We have all been there before. Enjoying a burger or French fries…and plop. A big blob of ketchup drips on your clothes. But thanks to Army physical scientist, Quoc Truong, you may not have to worry about your dry cleaning bill ever again!
Truong and his team have been working on “self-cleaning clothing” for the past five years at the U.S. Army Soldier Research, Development, & Engineering Center in Natick, Massachusetts. Truong’s dream: clothing that won’t get dirty in the first place!
The U.S. Army has about a million soldiers including active duty, reservists and National Guard. Each soldier is issued five uniforms. With the constant wear and tear that uniforms undergo in the field - that's a lot of laundry!
Challenged by a general to invent a uniform that didn’t need cleaning, Truong examined the molecular level of the fabric and the substances that make it dirty. To make uniforms that actually resist a wide array of water- or oil-based substances, Truong and his team have been working on what he calls an “omniphobic coating.”
“We really wanted to make a coating that once you apply [it] onto fabric, will repel anything.”
Does It Work?
How well does this uniform fabric resist dirt? Much of the testing is done on machines that Truong and his co-workers have had to invent themselves. The tests reveal that everyday substances, like ketchup or chocolate sauce, tend to be repelled or slide off the uniform fabric. The coated uniform fabric can even resist tough substances like motor oil - which beads up on the fabric surface, instead of soaking through.
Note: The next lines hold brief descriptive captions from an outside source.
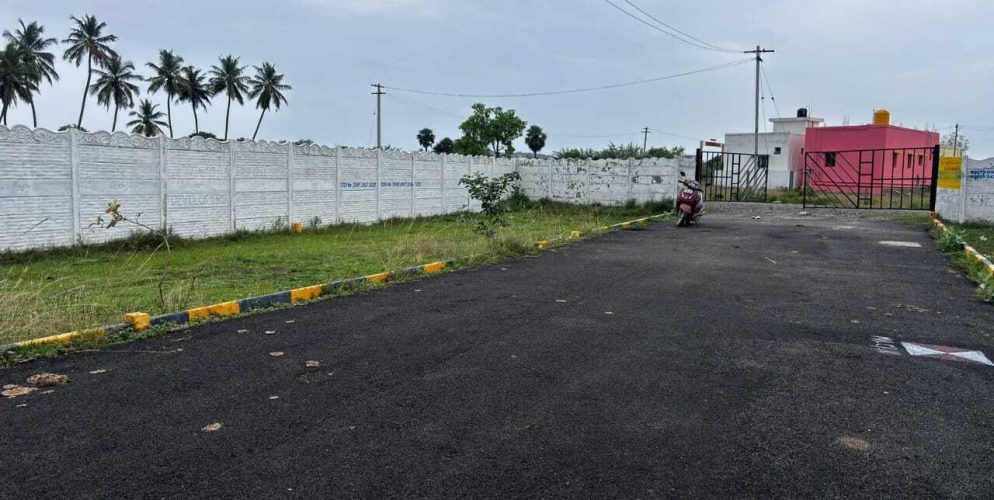 N P Nagar Internal Roads & Footpaths 2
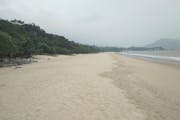 Tong Fuk Beach, Lantau Island, Hong Kong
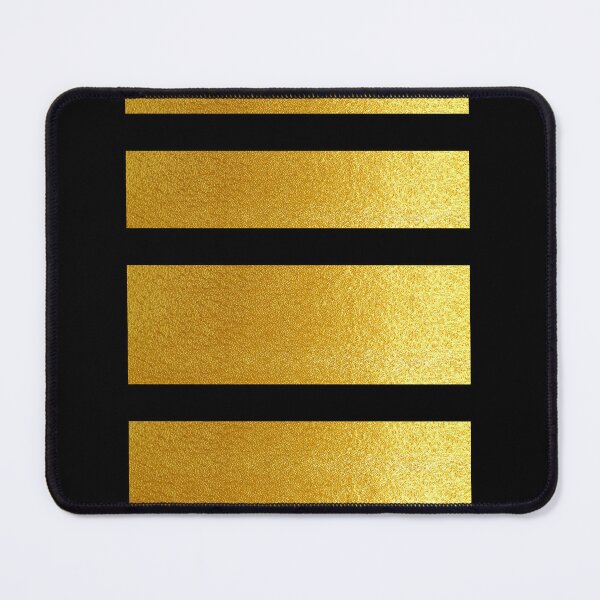 Item preview, Gold and Black Stripes designed and sold by j-tippens-art.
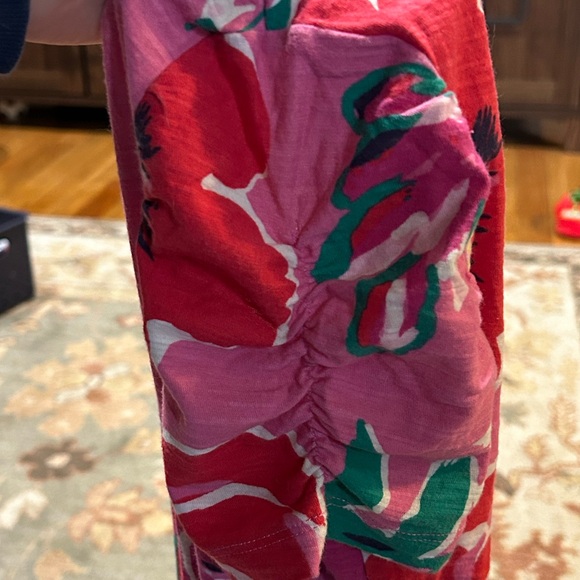 Lilly Pulitzer pink tshirt - Picture 3 of 5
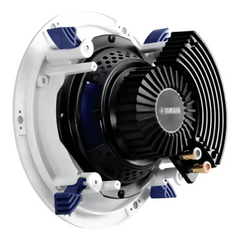 Bocinas de Plafón | 2 Vías | Residenciales | Woofer 6.5" | 110W | 8 Ohms | Color Blanco | Par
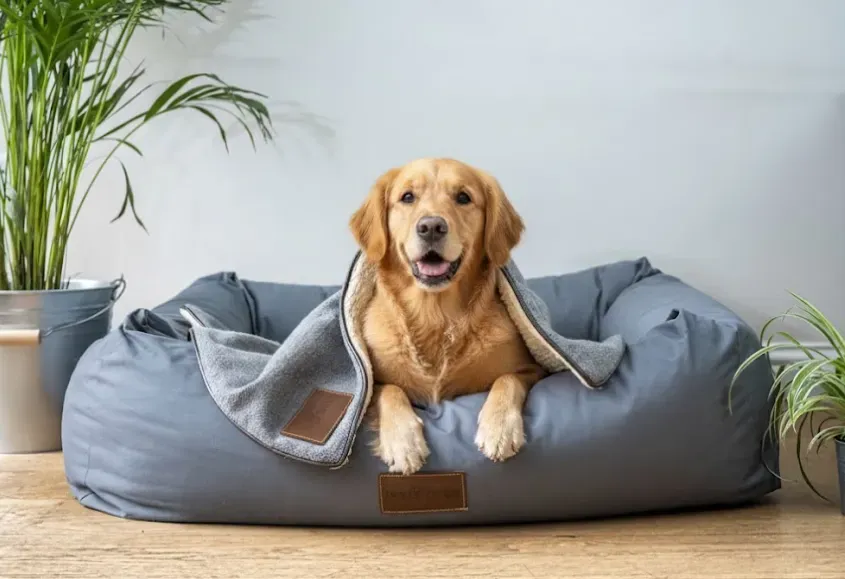 How long does golden retriever dogs live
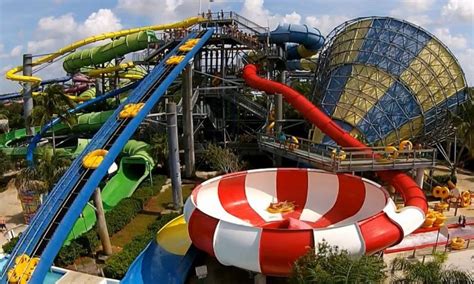 Water Park Admission - Rapids Water Park | Groupon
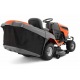 Садовый минитрактор Husqvarna TC 142T 9605101-81 в Воронеже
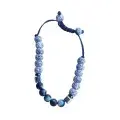 Bracelet Mix Tacheté Cristal – Version Ajustable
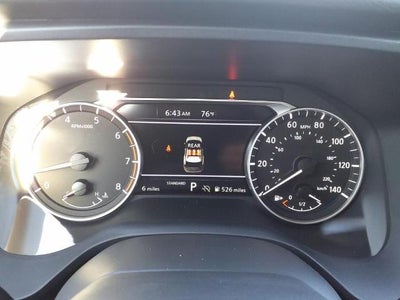 2025 Nissan Rogue FWD SV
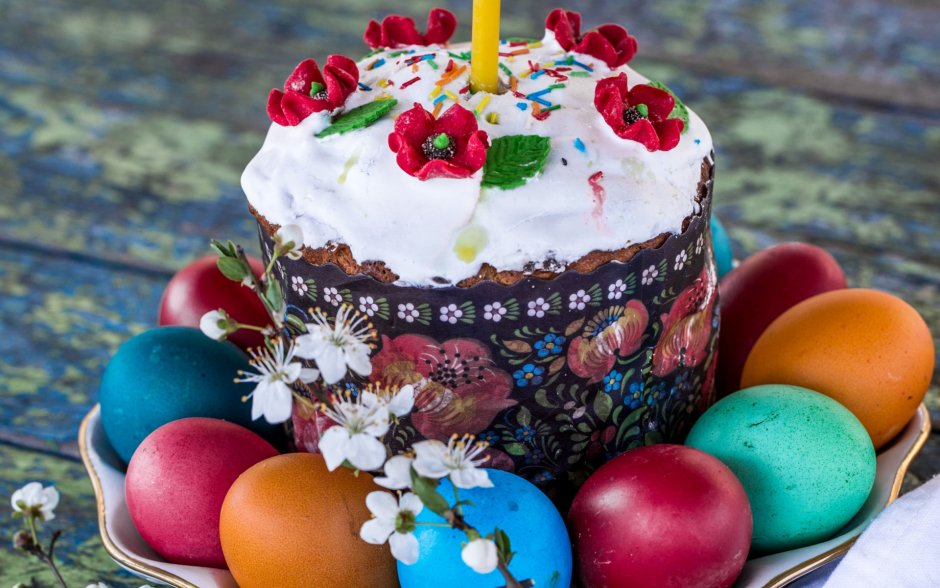Кулич «Пасхальный»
Truong has even figured out a solution for the smell that could come from clothes that don’t get laundered. By adding antimicrobial additives to the coating, stinky odors are no longer an issue.
Testing Self-Cleaning Fabric In the Field.
It’s one thing to test the uniform fabric in a lab, but for the U.S. Army, it’s all about performance in the field.
“On the battlefield, the soldiers don’t have field laundering equipment. In the event they get clothing dirty…they can just stand up and eventually the dirt will just fall off and the uniform is clean again,” says Truong.
Soldiers first tested the uniforms in 2011. Soon, the fabric will undergo even more rigorous testing in a field test in Fort Riley, Kansas. Truong and his team are working with Virginia-based Luna Innovations to refine and improve the self-cleaning fabric. One challenge is mud, especially when it is ground into the fabric itself.
When all the kinks have been worked out and testing is completed the possibilities are endless. It's not just the military that could be using self-cleaning clothes. Commercial manufacturers have been approached about using the omniphobic coating. So someday, both the military and the general public may not have to worry about cleaning clothes again.